So here we are, keeping summer hours for our blog. Heavens, it's 7:30. Practically lunch time. And our word for today is -- unpause. Which, as you know, is what you do when you've hit the pause button in your video game or DVD and wish to resume playing or watching. Pause, which used to be an intransitive verb, has starting taking on an object. Pause it, my children will shout when the phone rings in the middle of a movie. And whoever has the remote will press the appropriate button. (Almost never is this me, but remote management is a topic for another day.)

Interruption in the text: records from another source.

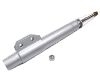 减振器 Shock Absorber:235008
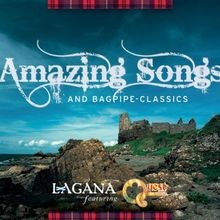 Amazing songs and - amazing,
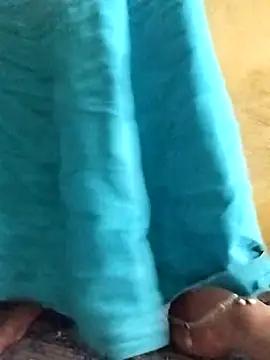 Cutkajal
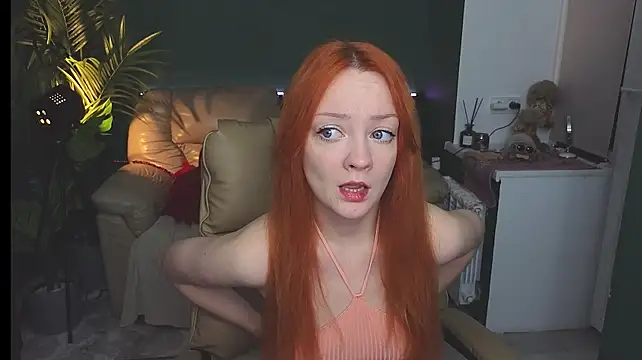 Radiants_two's Live XXX Chat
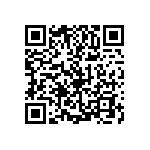 1812Y0630184JER QRCode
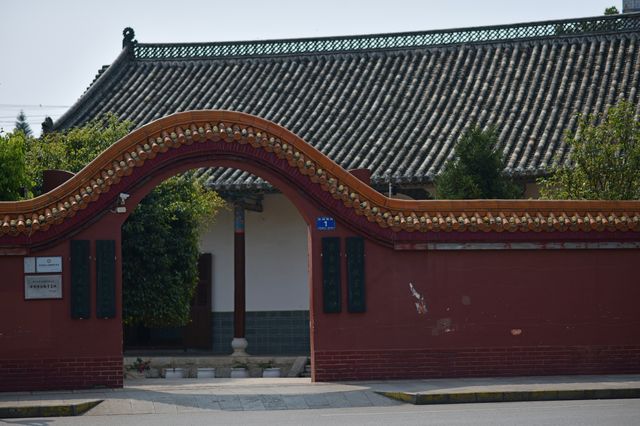 蒙自唔單止有碧色寨同過橋米線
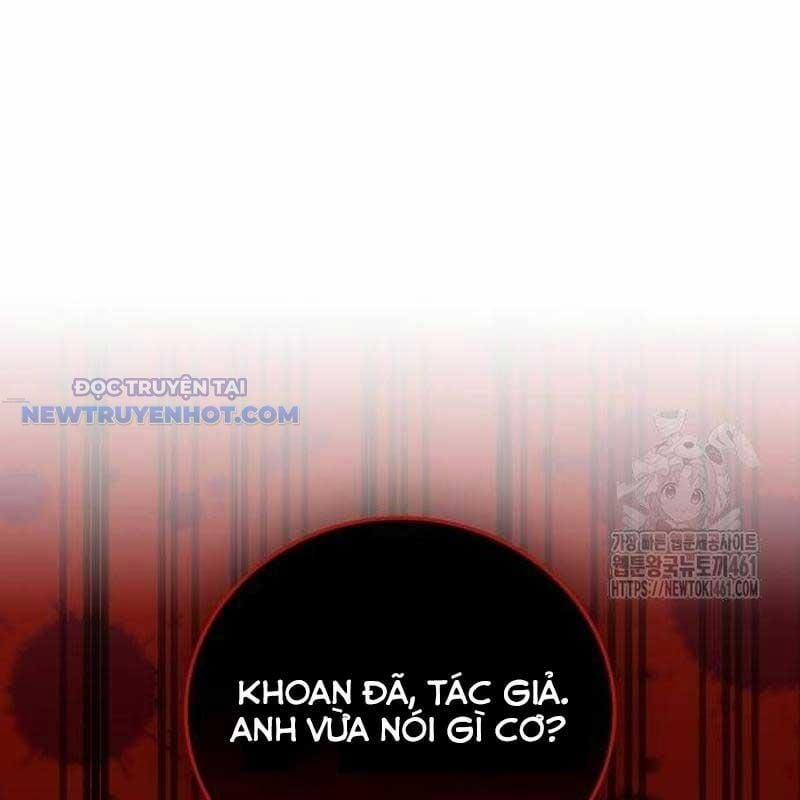 Studio Tùy Hứng Của Nghệ Sĩ Thiên Tài 61 trang 199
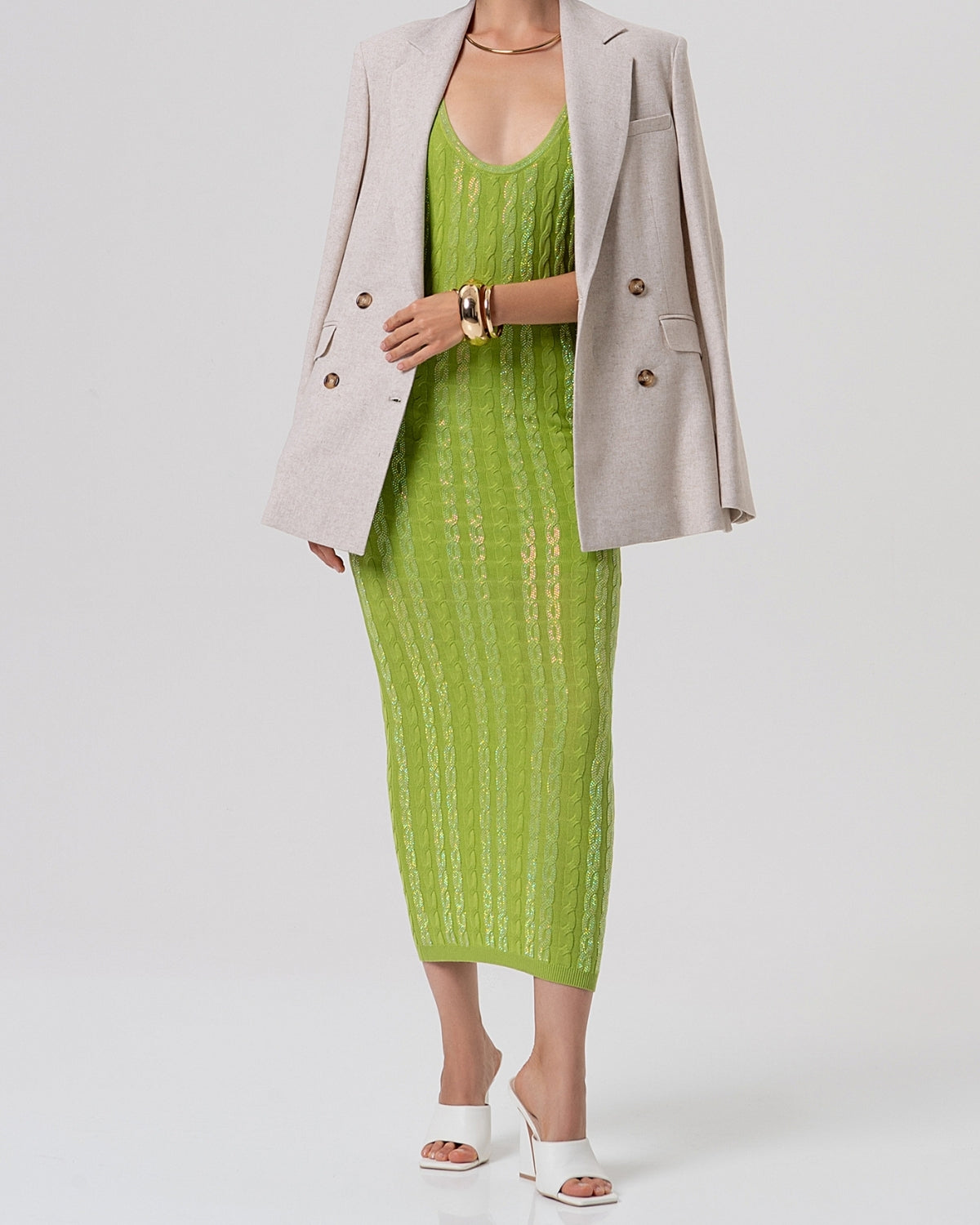 olive-4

Your language is like your neighborhood. New words and phrases are always moving in or moving out. Some of them don't make much of an impact, but others seem ubiquitous, at least for a while. (Ubiquitous moved out of our neighborhood years ago. I still stay in touch, though.) Over the last couple of years my children have spent a fair amount of time hanging. They are not hanging pictures, or meat; they are not hanging lefts or rights; they are simply hanging. That verb (without an object in life, the lazy thing) moved in a while ago and doesn't show any signs of moving. Chill, which moved in just ahead of hang, has moved a few streets away. My daughter used it the other day, but she was embarrassed. You know how it is when you run into someone you used to know, and don't have much in common with any more. Seinfeldisms took over the whole block a few years back, and stayed for while. Most have moved on. Boratisms barely had time to unpack before they were gone.
Which brings me back to unpause. Interesting word. First time I really noticed how interesting was during an exchange among my children that went something like:
Ed (to Imo, holding the remote): Okay, I'm back. Unpause the movie.
Thea (on her feet, poised): No, I want to make a phone call. Don't do it.
Ed: Unpause.
Thea: Don't unpause.
Me: You know, I don't think I've heard that before. Don't unpause. You could say, Don't start. Or even, Don't do anything.
Thea: Quiet, Dad. Don't unpause, Imo.
Ed: Unpause.
Imo (waving the remote): I tell you what I won't do ...
Sam (yawning): Whatever you do do --
Ed (laughing): Do do.
Thea: Quiet, Ed.
Sam: Well, make sure you don't not unpause.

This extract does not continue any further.